We expected a documentary that delved into the player experience, how audio was an integral part of gaming, and how soundtracks had become iconic pieces of pop culture, from Zelda and Final Fantasy to Dragon Quest and Skyrim. I didn't expect it to encompass remix culture or the chiptune genre, of which entire documentaries could and have been produced,
What we got was a documentary aimed not at consumers, but at industry insiders. Through interviews with Nobou Uematsu, Dren McDonald, and other composers across multiple continents, Beep! documents the evolution of audio composition tools and hardware. Specific processors, such as the Commodore C64's SID chip, are discussed in terms of the number of voices and tracks it supported, and how developers worked around its hardware limitations.

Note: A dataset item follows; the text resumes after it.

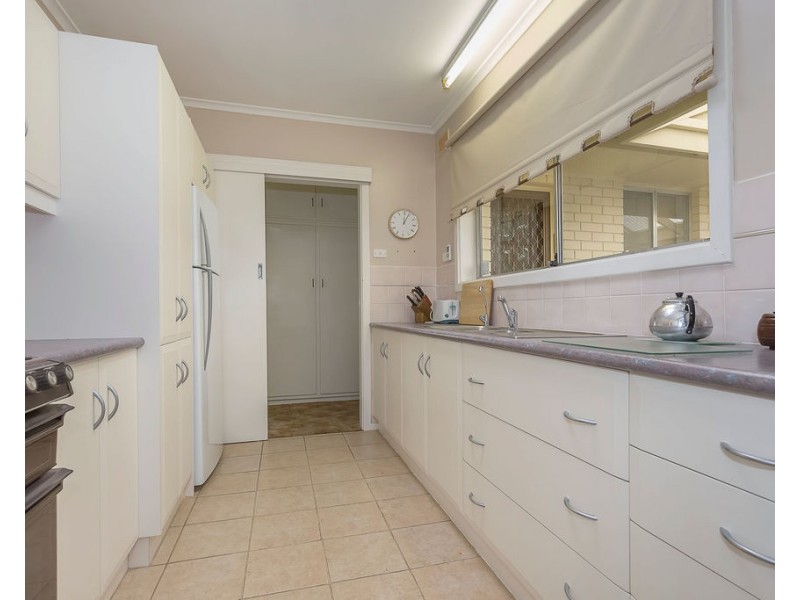2 Folkestone Street, Modbury Heights SA 5092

We then move on to the next piece of hardware, which overcame its predecessor's shortcomings but had some of its own. It was dry and formulaic, with none of the emotion that video game music had the potential to evoke.
One of the interviewees commented that there were few people who could understand what he did: in the 1980s, interactive entertainment was a niche industry, and the audio aspect was even more esoteric. It's surprising that, three decades later, a documentary would be aimed at that same small audience.
After an hour, one of my guests leaned over and whispered, "How much is left?" We brought up the display and found, to our dismay, we were only halfway through a two-hour movie. We skimmed the rest to find no major deviations in the film's format or focus and decided we'd gotten the gist of it.
Beep's production values are high, and the directors managed to interview significant and notable luminaries in gaming history; the disappointment was in the audience mismatch. I wondered if perhaps the film was marketed the wrong way, or I had misinterpreted its stated goal, but its website offers no plot synopsis or goal for the movie. The publishers leave it to reviewers and early adopters to let viewers know if this is the movie they're expecting. For us, it was not.